Из тбилисского Национального музея изобразительных искусств имени Шалвы Амиранашвили в венскую Альбертину привезли 30 картин Пиросмани, разделив их по жанрам — животные, пейзажи, портреты, праздники и застолья. Рядом висят фотографии старого Тифлиса, сделанные знаменитым фотографом и этнографом рубежа веков Дмитрием Ермаковым.
Как и у Ермакова, сюжет у Пиросмани вынесен за пределы рамы, она промежуточный миг перед началом чего-то большего: занавес только открылся, и теперь начинается спектакль. Не всякий зритель догадается: он сам и есть спектакль, его главный механизм и потребитель одновременно, ради него разворачивается действо, оживают персонажи; художник зависит от воображаемого зрителя, от его пристрастия к сильным эмоциям — еще одна сторона средневековой эстетики, которой Пиросмани подсознательно следовал, не зная, как и далекие предшественники, перспективы и предпочитая рисовать животных в три четверти или профиль.
Если с осликами и зайцами более или менее понятно, то жирафы и львы — загадка: зоопарка в Тифлисе не было, цирк с такими зверями на гастроли не приезжал, фотографиями художник почти не пользовался (исключение — картина «Русско-японская война», здесь Пиросмани на уровне сюжета в первый и последний раз попал под влияние газет).
Прижизненной славе Пиросмани помешала политика: им заинтересовался Аполлинер, обсуждалась выставка в Париже в 1914-м, но не успели. Был ли он художником для художников? Если нет, почему его принял авангард, а Пикассо создал его портрет? Если да, отчего его так любит публика и так ценили заказчики? Вывески для грузинского общепита во многом породили его культ в дореволюционной Москве. Интересно, как культ ожил, как Пиросмани вошел в пантеон неофициальной советской культуры.

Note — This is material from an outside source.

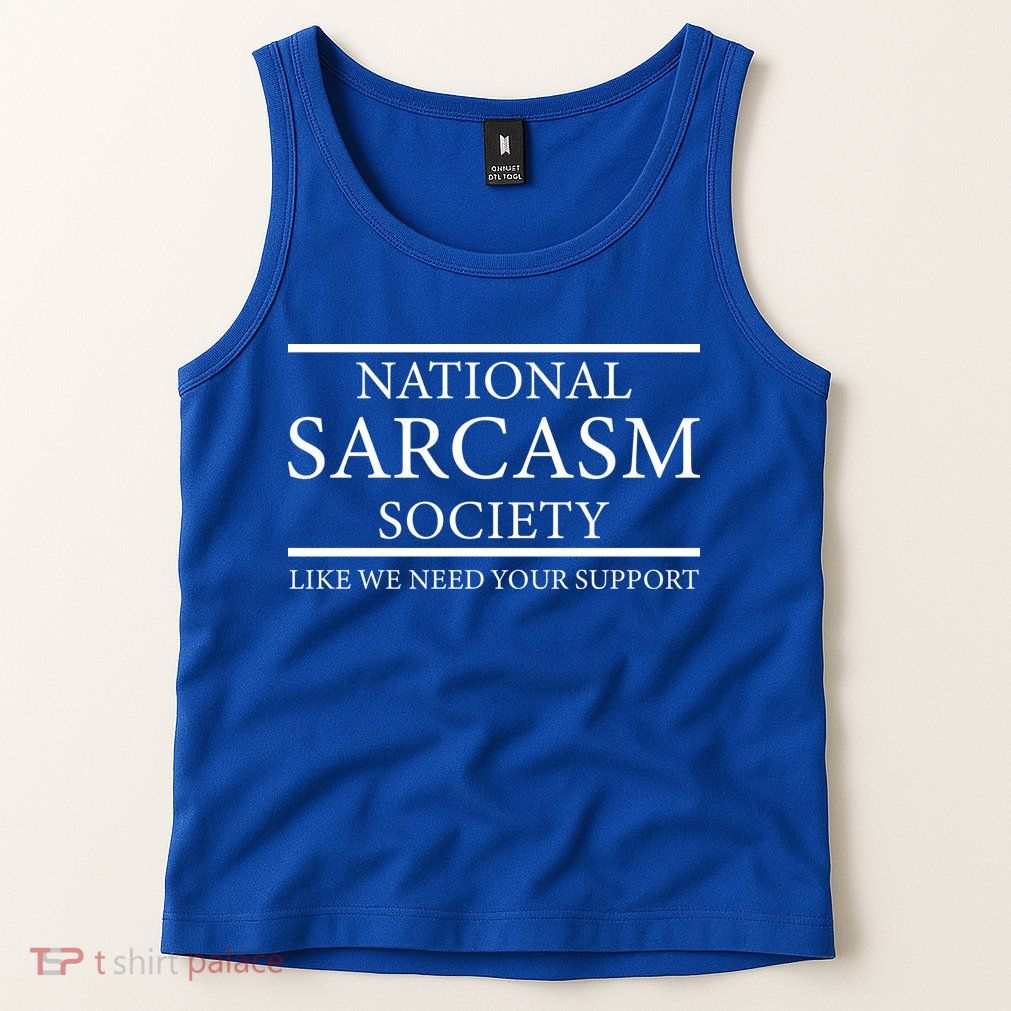 National Sarcasm Society Like We Need Your Support Tank Top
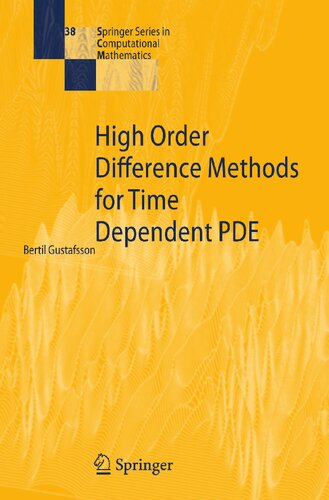 High Order Difference Methods for Time Dependent PDE (Springer Series in Computational Mathematics, 38)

Поэты от Антокольского до Окуджавы посвящали ему стихи, снимали фильмы Параджанов и Шенгелая (литературным редактором у последнего был Константин Симонов), Някрошюс поставил спектакль-событие «Пиросмани, Пиросмани…», а пугачевский «Миллион алых роз…» гремел по всей стране — 6 млн проданных за год синглов. И хотя не все слушатели подозревали, что это за художник, где он жил, какую французскую актрису любил, что первым историю рассказал Паустовский, детали неразделенной страсти будоражили не меньше, чем ухо Ван Гога.
Для Альбертины художники разных стран подготовили приношения Пиросмани, часть их показывают в нижнем этаже, в залах современного искусства. На самой выставке стоит огромный стол, в столешницу спрятаны сотни бутонов синих роз. Так классик архитектуры Тадао Андо решил не столько вспомнить о песне Паулса и Вознесенского, популярной в его родной Японии, сколько о любимом мотиве Пиросмани — розах.
Кумиры советской поры росли, как стихи, из сора домыслов и сплетен — главное, чтобы жалко было. Жалость проходит, кого после ХХ века удивишь голодной смертью художника в сырой комнате под лестницей в харчевне? Биография затушевывается, затирается и в конце концов забывается. Остаются ослики и розы.